Ela sentiu o corpo todo responder, o calor da tequila ardendo agora não só no fundo da garganta e do coração, mas em cada membro e terminação nervosa. Erguendo os braços, ela ondulou o ventre, balançando traseiro e quadris na sequência.

I, I can't get these memories
Out of my mind
And some kind of madness
Is starting to evolve

Aquilo era tão familiar que bastou apenas alguns minutos na pista para se sentir totalmente livre, como nos velhos tempos. Fechou os olhos e balançou a cabeça, agitando a longa cabeleira ao redor do rosto. Agora, sim, o mundo girava. E não era por causa de seus pensamentos atordoados. Era a bebida, era música. Era a energia que corria por suas veias.

Megan abriu os olhos e sorriu, olhando para cima, para as luzes coloridas que piscavam e rodavam acima de sua cabeça. Já não conseguia pensar em nada concreto. Muito menos lembrar.

Era essa a dádiva que tinha ido buscar. A anestesia. O torpor.

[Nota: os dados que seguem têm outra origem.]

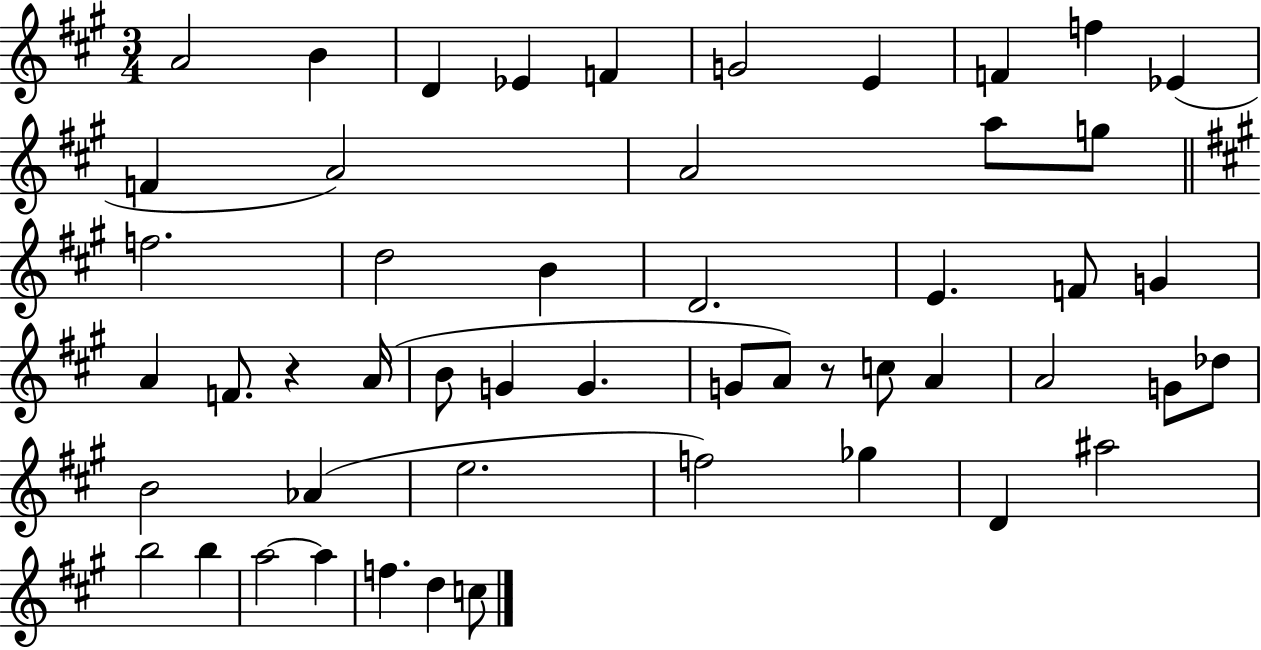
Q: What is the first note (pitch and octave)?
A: A4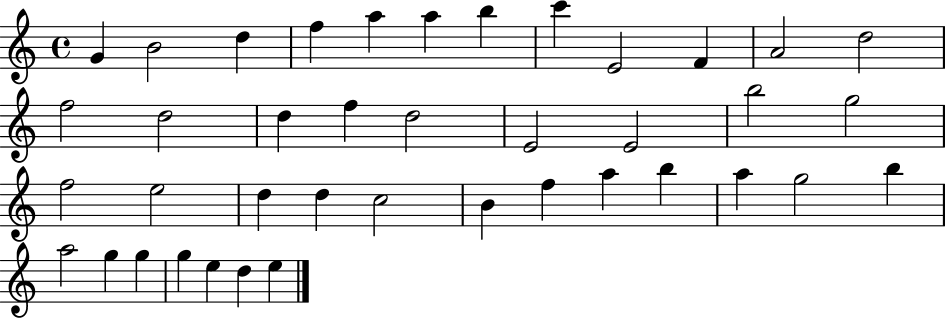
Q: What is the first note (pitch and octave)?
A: G4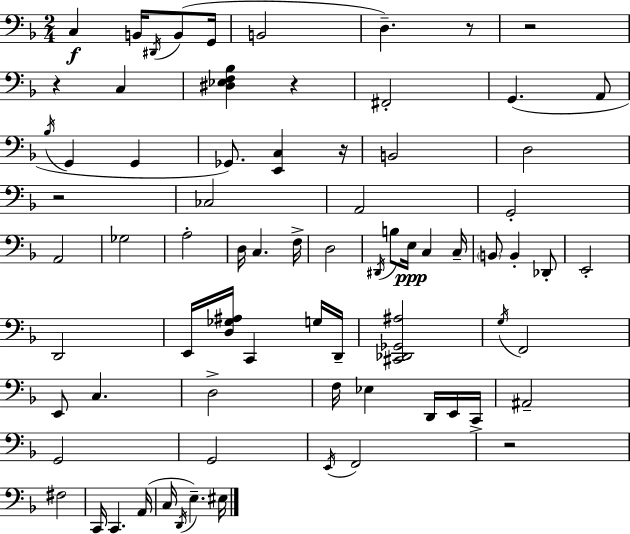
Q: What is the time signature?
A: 2/4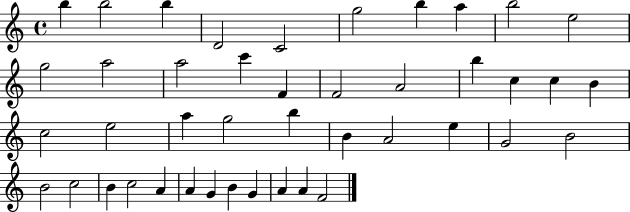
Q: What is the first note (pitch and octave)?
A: B5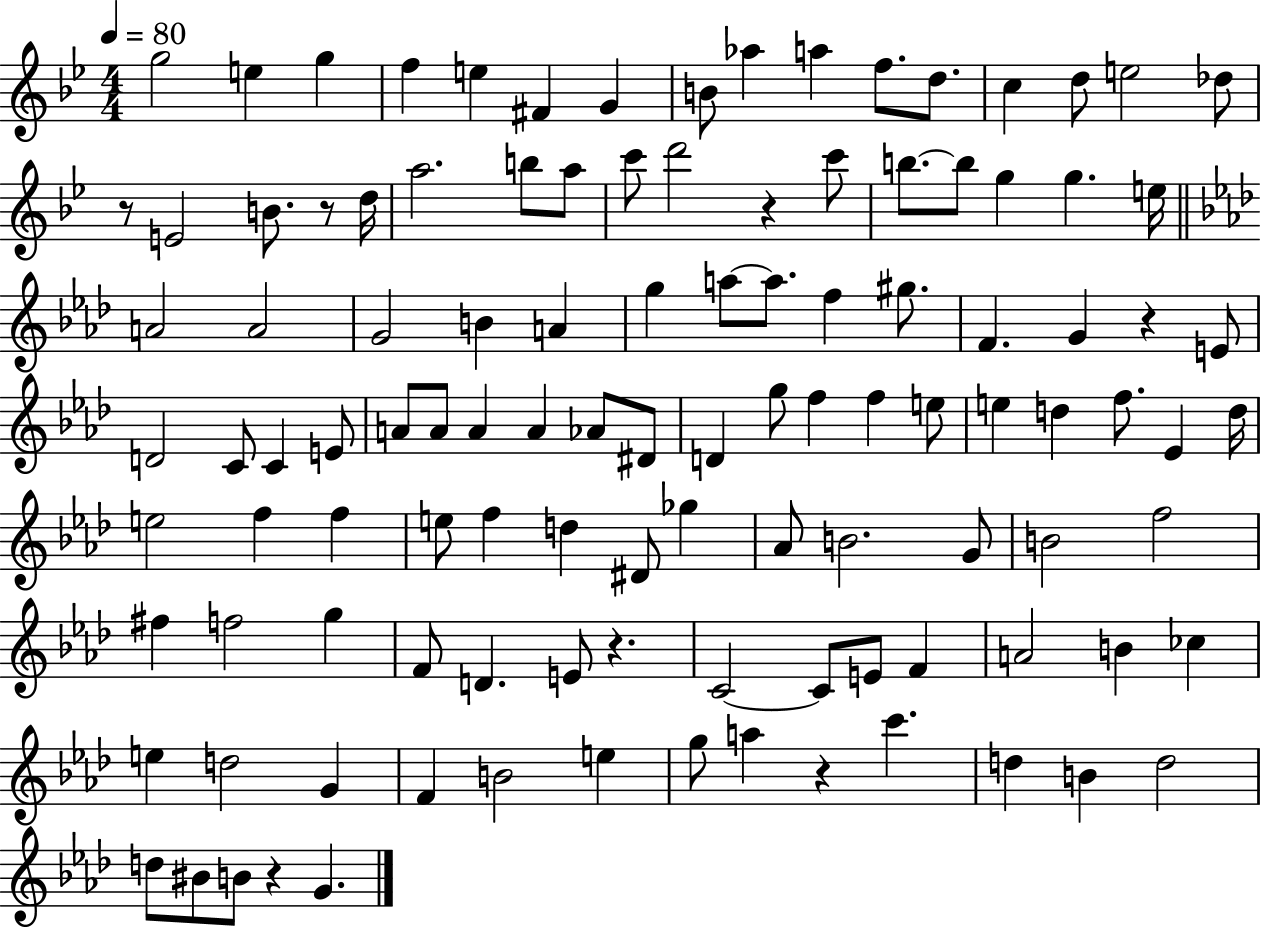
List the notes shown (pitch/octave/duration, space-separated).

G5/h E5/q G5/q F5/q E5/q F#4/q G4/q B4/e Ab5/q A5/q F5/e. D5/e. C5/q D5/e E5/h Db5/e R/e E4/h B4/e. R/e D5/s A5/h. B5/e A5/e C6/e D6/h R/q C6/e B5/e. B5/e G5/q G5/q. E5/s A4/h A4/h G4/h B4/q A4/q G5/q A5/e A5/e. F5/q G#5/e. F4/q. G4/q R/q E4/e D4/h C4/e C4/q E4/e A4/e A4/e A4/q A4/q Ab4/e D#4/e D4/q G5/e F5/q F5/q E5/e E5/q D5/q F5/e. Eb4/q D5/s E5/h F5/q F5/q E5/e F5/q D5/q D#4/e Gb5/q Ab4/e B4/h. G4/e B4/h F5/h F#5/q F5/h G5/q F4/e D4/q. E4/e R/q. C4/h C4/e E4/e F4/q A4/h B4/q CES5/q E5/q D5/h G4/q F4/q B4/h E5/q G5/e A5/q R/q C6/q. D5/q B4/q D5/h D5/e BIS4/e B4/e R/q G4/q.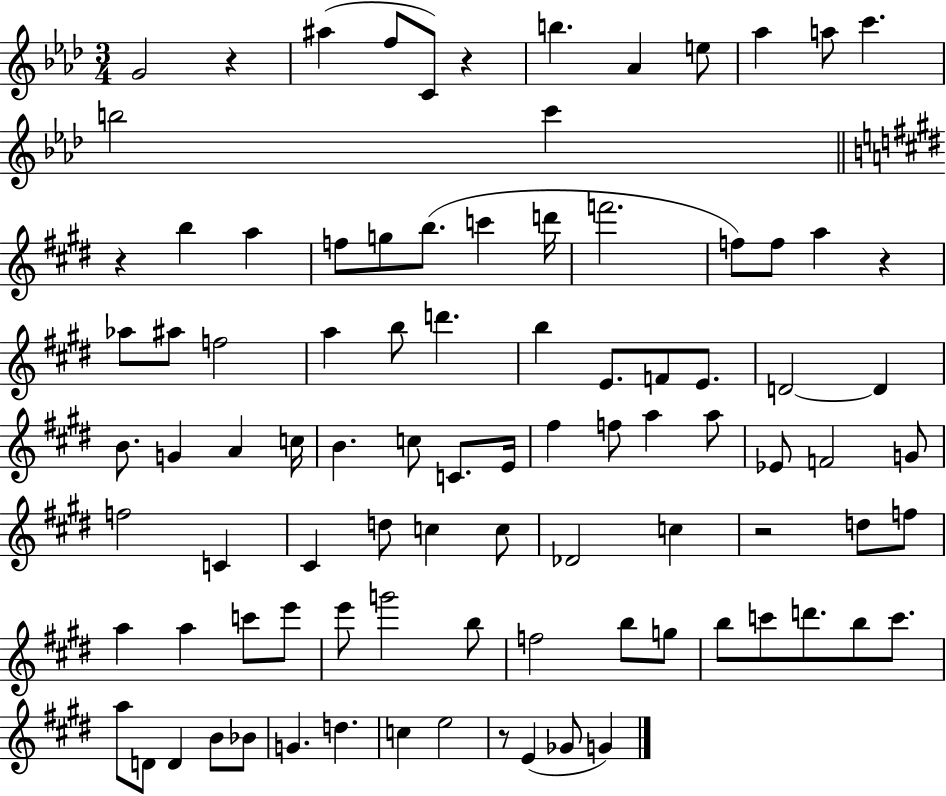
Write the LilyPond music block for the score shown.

{
  \clef treble
  \numericTimeSignature
  \time 3/4
  \key aes \major
  g'2 r4 | ais''4( f''8 c'8) r4 | b''4. aes'4 e''8 | aes''4 a''8 c'''4. | \break b''2 c'''4 | \bar "||" \break \key e \major r4 b''4 a''4 | f''8 g''8 b''8.( c'''4 d'''16 | f'''2. | f''8) f''8 a''4 r4 | \break aes''8 ais''8 f''2 | a''4 b''8 d'''4. | b''4 e'8. f'8 e'8. | d'2~~ d'4 | \break b'8. g'4 a'4 c''16 | b'4. c''8 c'8. e'16 | fis''4 f''8 a''4 a''8 | ees'8 f'2 g'8 | \break f''2 c'4 | cis'4 d''8 c''4 c''8 | des'2 c''4 | r2 d''8 f''8 | \break a''4 a''4 c'''8 e'''8 | e'''8 g'''2 b''8 | f''2 b''8 g''8 | b''8 c'''8 d'''8. b''8 c'''8. | \break a''8 d'8 d'4 b'8 bes'8 | g'4. d''4. | c''4 e''2 | r8 e'4( ges'8 g'4) | \break \bar "|."
}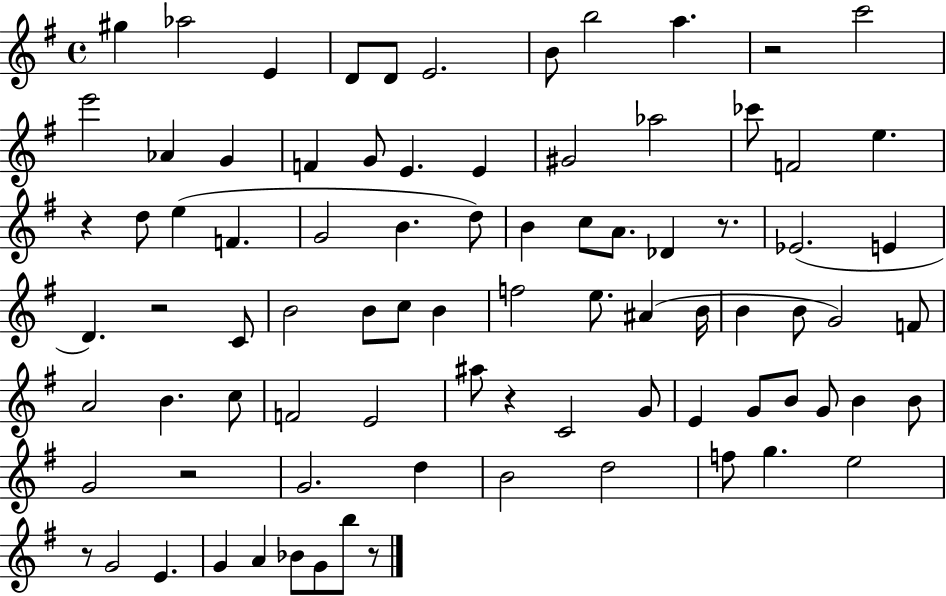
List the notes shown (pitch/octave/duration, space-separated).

G#5/q Ab5/h E4/q D4/e D4/e E4/h. B4/e B5/h A5/q. R/h C6/h E6/h Ab4/q G4/q F4/q G4/e E4/q. E4/q G#4/h Ab5/h CES6/e F4/h E5/q. R/q D5/e E5/q F4/q. G4/h B4/q. D5/e B4/q C5/e A4/e. Db4/q R/e. Eb4/h. E4/q D4/q. R/h C4/e B4/h B4/e C5/e B4/q F5/h E5/e. A#4/q B4/s B4/q B4/e G4/h F4/e A4/h B4/q. C5/e F4/h E4/h A#5/e R/q C4/h G4/e E4/q G4/e B4/e G4/e B4/q B4/e G4/h R/h G4/h. D5/q B4/h D5/h F5/e G5/q. E5/h R/e G4/h E4/q. G4/q A4/q Bb4/e G4/e B5/e R/e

Já sentia o suor começar a deslizar aos poucos, frio e pegajoso, por seu corpo, por baixo das roupas. A sensação era bem vinda. Contrastava com o calor da sua pele.

Foi apenas quando sentiu duas mãos em seus quadris que parou de dançar e se virou, assustada.

Um loiro alto sorria abertamente, os olhos faiscando sob as luzes coloridas num pronto e inequívoco convite.